The War Bride's Scrapbook: A Novel in Pictures
By Caroline Preston
Lila Jerome is certain that she won’t ever marry, and that her days will be spent working in her father’s insurance office. Her college education and aptitude for architecture don’t matter much now that the United States has entered World War II, and Lila spends her free time selling war bonds and supporting other homeland efforts. Then she meets Perry Weld, a handsome army engineer who is preparing to ship out to Europe.
Lila has a spare room, and Perry needs a place, so they are soon roommates, platonic yet dating. Within a matter of days they elope, and Lila finds herself back home with her parents once more, sharing her childhood bedroom with her infant nephew. When she receives a letter from her mother-in-law inviting Lila to come live in Massachusetts, she’s ready for a change of scenery, and off she goes from Charlottesville, Virginia to the great unknown.

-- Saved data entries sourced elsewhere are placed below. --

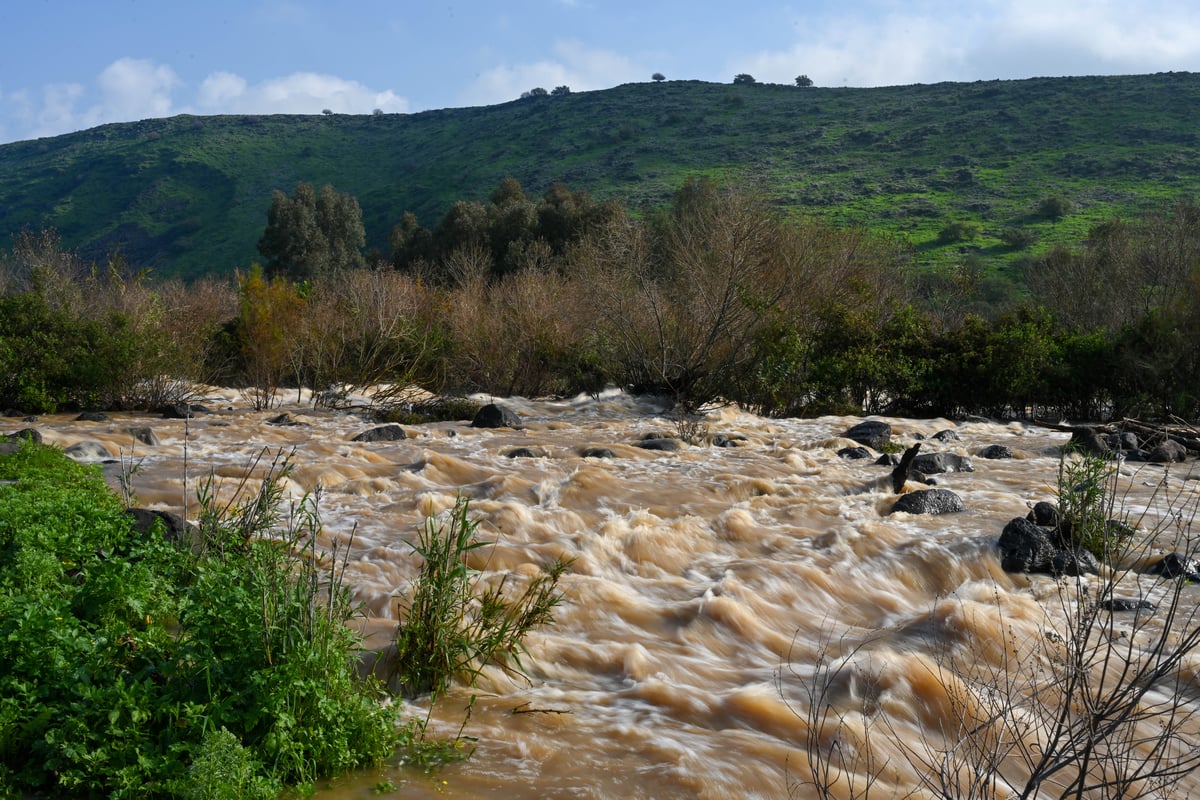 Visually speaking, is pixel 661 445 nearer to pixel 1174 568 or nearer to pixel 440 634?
pixel 1174 568

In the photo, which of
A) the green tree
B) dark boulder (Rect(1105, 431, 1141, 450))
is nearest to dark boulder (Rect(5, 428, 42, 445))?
dark boulder (Rect(1105, 431, 1141, 450))

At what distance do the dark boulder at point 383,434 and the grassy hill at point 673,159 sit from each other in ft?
105

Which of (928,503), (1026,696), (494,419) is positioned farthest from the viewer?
(494,419)

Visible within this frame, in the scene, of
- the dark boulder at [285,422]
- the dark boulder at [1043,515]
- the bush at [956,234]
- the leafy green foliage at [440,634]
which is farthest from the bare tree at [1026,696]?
the bush at [956,234]

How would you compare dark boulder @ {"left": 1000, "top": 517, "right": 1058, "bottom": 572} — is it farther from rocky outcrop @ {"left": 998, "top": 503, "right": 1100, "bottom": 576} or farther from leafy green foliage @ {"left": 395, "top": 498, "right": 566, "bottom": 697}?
leafy green foliage @ {"left": 395, "top": 498, "right": 566, "bottom": 697}

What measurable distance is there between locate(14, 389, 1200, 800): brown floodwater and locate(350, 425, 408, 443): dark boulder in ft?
1.43

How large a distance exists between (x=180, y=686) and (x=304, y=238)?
39652mm

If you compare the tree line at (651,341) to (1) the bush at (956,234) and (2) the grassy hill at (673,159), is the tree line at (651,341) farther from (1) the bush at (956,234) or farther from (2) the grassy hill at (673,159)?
(2) the grassy hill at (673,159)

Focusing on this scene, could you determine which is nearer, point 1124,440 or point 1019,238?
point 1124,440

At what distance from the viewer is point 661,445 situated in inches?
544

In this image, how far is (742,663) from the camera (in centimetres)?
606

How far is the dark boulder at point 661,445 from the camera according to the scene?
45.0ft

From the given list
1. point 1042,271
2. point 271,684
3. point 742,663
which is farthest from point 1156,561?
point 1042,271

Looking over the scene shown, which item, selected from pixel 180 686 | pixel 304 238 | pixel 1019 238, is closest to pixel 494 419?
pixel 180 686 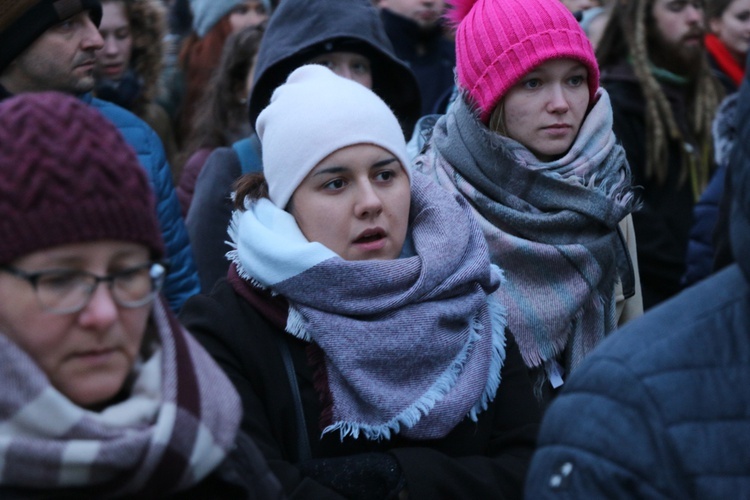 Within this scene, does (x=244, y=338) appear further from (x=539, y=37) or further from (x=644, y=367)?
(x=539, y=37)

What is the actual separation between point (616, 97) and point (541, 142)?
69.7 inches

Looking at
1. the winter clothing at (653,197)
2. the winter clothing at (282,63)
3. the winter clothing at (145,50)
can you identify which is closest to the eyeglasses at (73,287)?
the winter clothing at (282,63)

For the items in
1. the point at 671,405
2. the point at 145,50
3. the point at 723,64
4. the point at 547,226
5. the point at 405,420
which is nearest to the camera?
the point at 671,405

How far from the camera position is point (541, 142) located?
11.1ft

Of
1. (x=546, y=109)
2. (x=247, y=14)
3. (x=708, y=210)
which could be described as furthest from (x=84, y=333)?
(x=247, y=14)

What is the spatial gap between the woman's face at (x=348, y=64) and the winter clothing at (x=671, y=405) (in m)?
2.61

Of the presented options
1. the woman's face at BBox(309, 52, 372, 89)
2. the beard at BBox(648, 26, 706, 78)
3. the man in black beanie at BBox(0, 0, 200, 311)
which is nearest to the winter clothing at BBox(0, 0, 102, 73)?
the man in black beanie at BBox(0, 0, 200, 311)

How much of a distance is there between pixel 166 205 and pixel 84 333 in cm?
207

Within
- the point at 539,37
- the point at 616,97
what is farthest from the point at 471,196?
the point at 616,97

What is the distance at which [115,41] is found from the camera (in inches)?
206

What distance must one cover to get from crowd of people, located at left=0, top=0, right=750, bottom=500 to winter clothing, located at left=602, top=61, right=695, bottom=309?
0.04 feet

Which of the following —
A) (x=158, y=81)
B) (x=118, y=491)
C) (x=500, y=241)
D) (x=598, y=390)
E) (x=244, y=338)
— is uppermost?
(x=598, y=390)

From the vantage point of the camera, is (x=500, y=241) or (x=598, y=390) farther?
(x=500, y=241)

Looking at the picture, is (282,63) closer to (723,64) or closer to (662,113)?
(662,113) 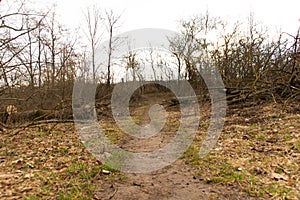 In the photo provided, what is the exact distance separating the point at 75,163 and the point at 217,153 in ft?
8.81

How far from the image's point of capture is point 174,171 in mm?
3760

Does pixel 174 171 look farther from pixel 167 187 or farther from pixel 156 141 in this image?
pixel 156 141

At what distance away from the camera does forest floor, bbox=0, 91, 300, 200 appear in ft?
9.76

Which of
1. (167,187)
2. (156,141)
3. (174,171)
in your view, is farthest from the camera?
(156,141)

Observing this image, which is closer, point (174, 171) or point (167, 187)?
point (167, 187)

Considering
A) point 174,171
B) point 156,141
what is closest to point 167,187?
point 174,171

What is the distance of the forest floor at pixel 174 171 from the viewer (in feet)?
9.76

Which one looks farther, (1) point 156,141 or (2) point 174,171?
(1) point 156,141

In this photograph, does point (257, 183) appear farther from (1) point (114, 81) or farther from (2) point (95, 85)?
(1) point (114, 81)

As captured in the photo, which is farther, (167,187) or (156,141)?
(156,141)

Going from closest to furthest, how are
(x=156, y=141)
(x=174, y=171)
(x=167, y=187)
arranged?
(x=167, y=187), (x=174, y=171), (x=156, y=141)

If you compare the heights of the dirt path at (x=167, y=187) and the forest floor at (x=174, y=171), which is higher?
the forest floor at (x=174, y=171)

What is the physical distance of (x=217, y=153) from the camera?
452cm

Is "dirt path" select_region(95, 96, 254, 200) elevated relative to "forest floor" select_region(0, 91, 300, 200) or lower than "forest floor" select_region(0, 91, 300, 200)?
lower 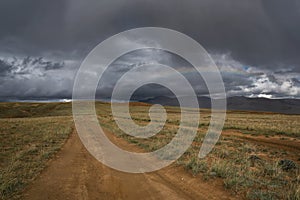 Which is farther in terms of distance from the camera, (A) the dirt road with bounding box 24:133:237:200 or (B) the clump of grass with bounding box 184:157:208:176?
(B) the clump of grass with bounding box 184:157:208:176

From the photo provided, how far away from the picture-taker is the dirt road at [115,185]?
7.07 meters

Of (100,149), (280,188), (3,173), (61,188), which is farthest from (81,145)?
(280,188)

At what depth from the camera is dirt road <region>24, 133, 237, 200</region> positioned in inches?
279

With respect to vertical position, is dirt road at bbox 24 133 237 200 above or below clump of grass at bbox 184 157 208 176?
below

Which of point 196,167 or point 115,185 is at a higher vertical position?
point 196,167

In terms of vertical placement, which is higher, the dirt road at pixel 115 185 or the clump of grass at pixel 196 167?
the clump of grass at pixel 196 167

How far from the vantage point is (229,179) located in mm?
8234

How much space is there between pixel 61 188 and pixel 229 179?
5524mm

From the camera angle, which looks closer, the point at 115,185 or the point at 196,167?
the point at 115,185

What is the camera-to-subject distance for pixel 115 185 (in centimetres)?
790

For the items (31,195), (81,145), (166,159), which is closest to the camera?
(31,195)

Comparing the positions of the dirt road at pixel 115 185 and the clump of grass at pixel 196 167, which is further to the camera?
the clump of grass at pixel 196 167

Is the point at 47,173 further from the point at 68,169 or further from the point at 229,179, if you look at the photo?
the point at 229,179

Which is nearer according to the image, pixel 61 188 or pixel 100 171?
pixel 61 188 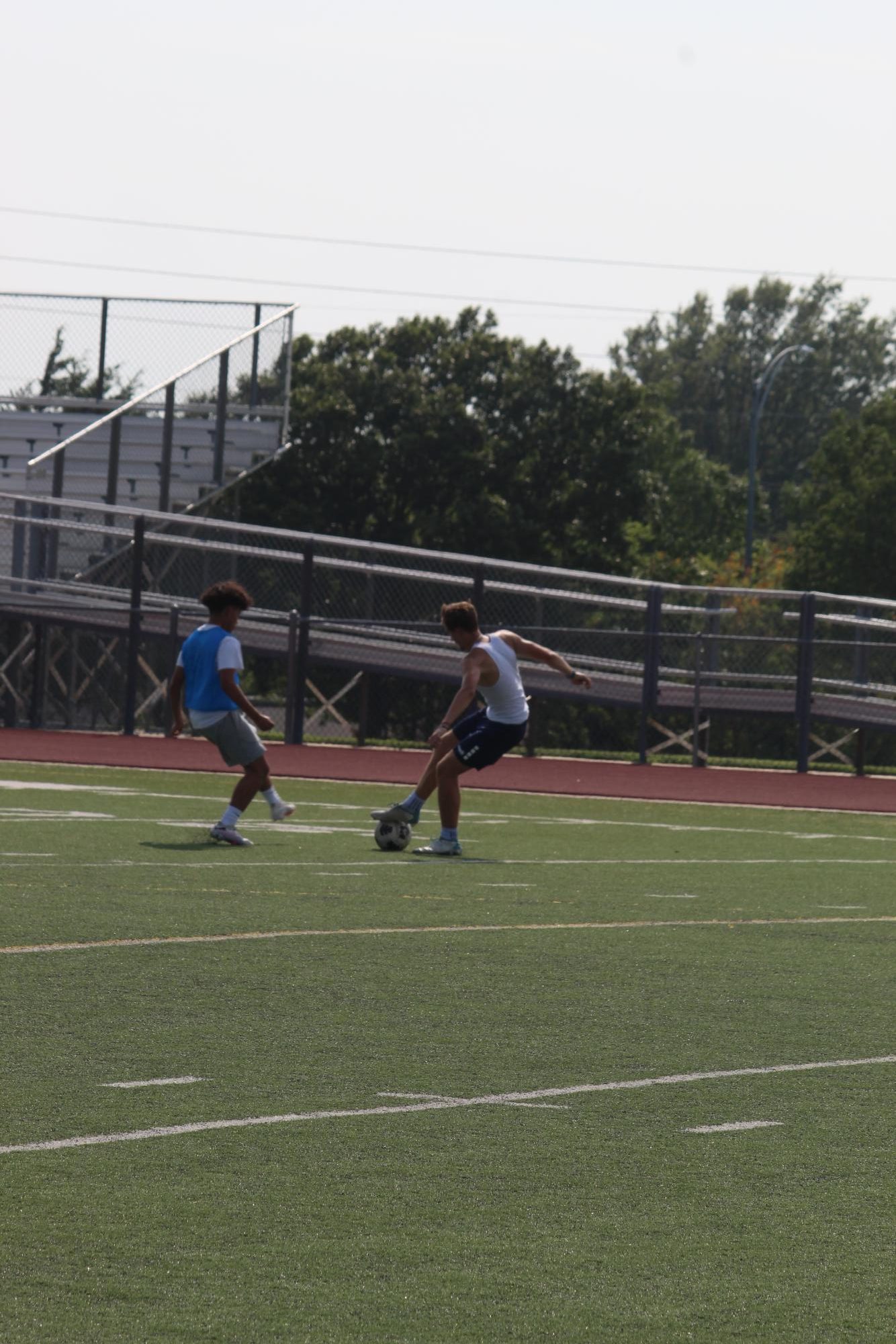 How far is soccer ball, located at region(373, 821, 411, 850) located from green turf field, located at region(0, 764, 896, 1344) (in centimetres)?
211

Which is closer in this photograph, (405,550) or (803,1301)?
(803,1301)

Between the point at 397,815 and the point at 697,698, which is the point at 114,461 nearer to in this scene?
the point at 697,698

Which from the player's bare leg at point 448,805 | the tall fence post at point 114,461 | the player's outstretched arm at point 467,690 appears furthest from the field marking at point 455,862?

When Perry ships out, Lila begins keeping a scrapbook of memorabilia, letters, photos and news articles, all to document her life while Perry is away. Lila and Perry’s story unfolds in a narrative driven by their letters and correspondence, interspersed with notes written by Lila almost as a form of diary or journal. Every page holds a treasure of information, from actual news clippings to sketches and architectural drawings. From charm bracelets to Lucky Strikes, items that were popular and very much a part of the mainstream in the 1940’s set the mood for this very innovative and accurate journey down memory lane.
The War Bride’s Scrapbook is just that – a novel told through a series of pictures and illustrations, with text often playing a supporting role. The format is unique and captivating, and while Lila and Perry’s story is much the same as probably thousands of other couples, the author has synthesized a personal story that reads as though Lila and Perry were the couple down the street, folks you knew your whole life. Charming and honest, this fascinating story is interesting in its presentation and plot alike, and a definite must-read for fans of this era of US history. Don’t miss this visual journey into the not-so-distant past.